Problem 2 (28 %) — Multiple choice, true/false, and short numeric

For each subproblem, write True/False for each statement (or the requested numeric answer). For true/false subproblems you may add a one-sentence justification, but only if you think it helps; do not write essays.

a) Bias–variance and benign overfitting (3 %)

Mark each statement as true or false.

  1. For a fixed estimator \(\hat f\), the bias–variance decomposition \(\mathbb{E}[(y_0-\hat f(x_0))^2]=\mathrm{Bias}^2[\hat f(x_0)]+\mathrm{Var}(\hat f(x_0))+\sigma^2\) is an algebraic identity, with the two cross-terms in the expansion vanishing because of independence assumptions, not because of any specific property of \(\hat f\).

  2. Adding ridge (\(L^2\)) regularization to ordinary least squares can lower test MSE by simultaneously lowering both squared bias and variance.

  3. In the over-parameterized regime (\(p\gg n\)), a model that fits the training data with zero residual error generalizes badly to new data.

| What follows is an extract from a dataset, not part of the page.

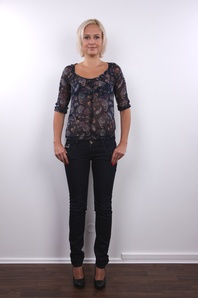 2. Download full pics of Linda (27) from czechcasting.com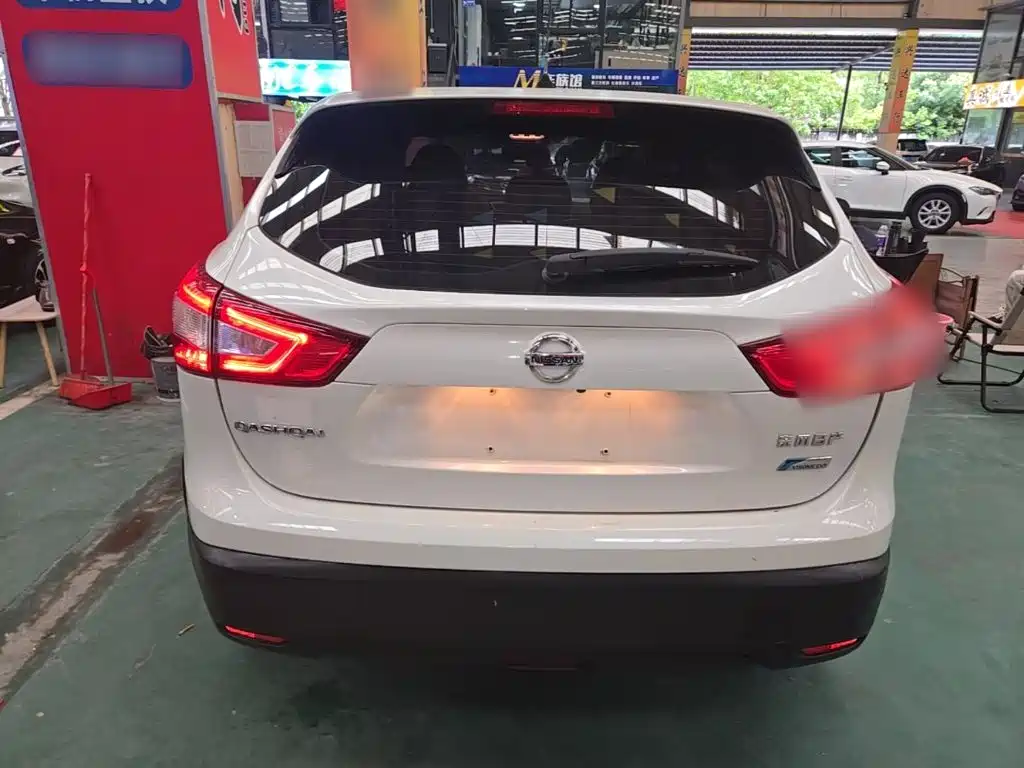 Nissan Qashqai — миниатюра 6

  4. Doubling the noise variance \(\sigma^2\), with everything else held fixed, generally makes the optimal flexibility of \(\hat f\) lower.

b) Cross-validation, with and without nesting (4 %)

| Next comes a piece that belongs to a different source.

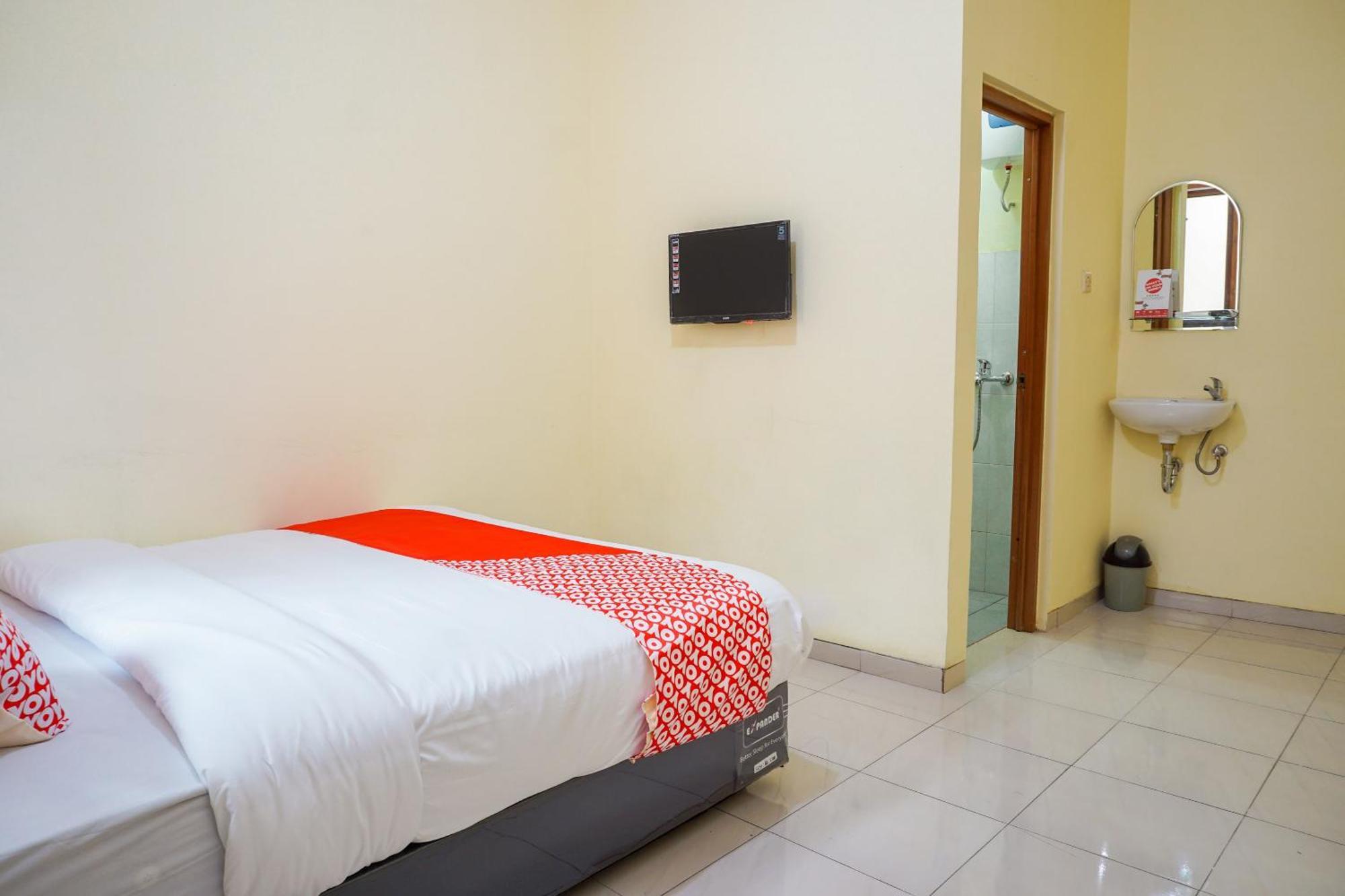 OYO 2401 Ardini Residence Syariah Bojongsoang Bagian luar foto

  1. (0.5 %) For an ordinary \(k\)-fold cross-validation estimate of test MSE, increasing \(k\) from \(5\) to \(10\) generally decreases the bias of the estimator. True or false?

  2. (0.5 %) The cross-validation estimate of test error obtained by LOOCV has higher variance than the \(5\)-fold cross-validation estimate. True or false?

  3. (1 %) An analyst working on a high-dimensional (\(p=5000\)) problem screens the predictors by correlation with the response, keeps the top \(50\), and then runs \(10\)-fold CV on a logistic regression fit to these \(50\) predictors. He reports an unbiased estimate of test error. True or false? Justify in one sentence.

  4. (1 %) Briefly state the 1-standard-error rule for selecting a hyperparameter from a CV curve. (One or two sentences.)

  5. (1 %) Suppose you run \(10\)-fold CV and obtain per-fold MSEs \(\{2.1, 2.4, 2.0, 2.6, 2.2, 1.9, 2.3, 2.5, 2.0, 2.0\}\). Report (a) the CV-MSE estimate of test MSE; (b) the estimated standard error of this estimate. (Two numeric answers, two decimals each.)

c) Mini-batch SGD and learning rate (3 %)

Mark each statement as true or false.

  1. Mini-batch sizes for neural network training are conventionally chosen to be powers of two (e.g. \(32\), \(128\), \(256\)) for hardware-efficiency reasons, not for any statistical reason.

  2. Increasing the mini-batch size from \(32\) to \(1024\), with all other hyperparameters fixed, decreases the noise in each gradient estimate and therefore strengthens the implicit \(L^2\) regularization that small-batch SGD provides.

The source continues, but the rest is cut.